I have basically the same setup as OP, same mobo, slightly faster P4 (3.2 GHz) 2 GB RAM and recently upgraded to the Gigabyte video card mentioned in this thread (got a big flatscreen and wanted the HDMI output). I'm running Win7 Ultimate 32-bit and using CCCP/MPC with default settings.
My problem? I still have lagging when I try to play 720p avis... I'm considering upping to 4GB RAM, but I'm not sure if that is going to do the trick. What am I missing? Is there anything else I can tweak? -
We REALLY REALLY REALLY don't like it when people reactivate old threads. It's not in our official rules, but it's how things are around here. Every board is different, but around here we'd really prefer you start a new post and just leave the old threads alone.

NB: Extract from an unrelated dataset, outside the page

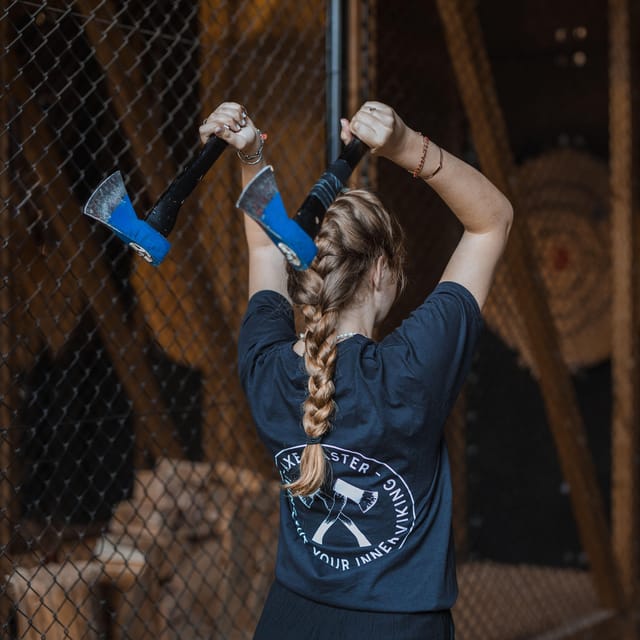 AXE THROWING EXPERIENCE IN ANTWERP - First-time throwers get a real introduction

You really should have enough of CPU and memory for 720 AVI playback. I have a PC with an AMD 3200+ CPU in it. That CPU is roughly equivalent to yours, but perhaps somewhat less powerful. I could play even 720p H.264 fine in it, but anything above that with H.264 and I had too many problems to play it. Try using VLC to play your files and you will probably find that they work. Other players, such as WMP, will give poorer performance. VLC often works on underpowered systems like yours when other players fail. -
I wouldn't run CCCP or any other codec pack. Codec packs are the devils playground, gremlins live there and they often cause things to go fubar with out warning. At most i would only install FFDShow and enable DXVA. DXVA will off load the work to your GPU instead of your CPU.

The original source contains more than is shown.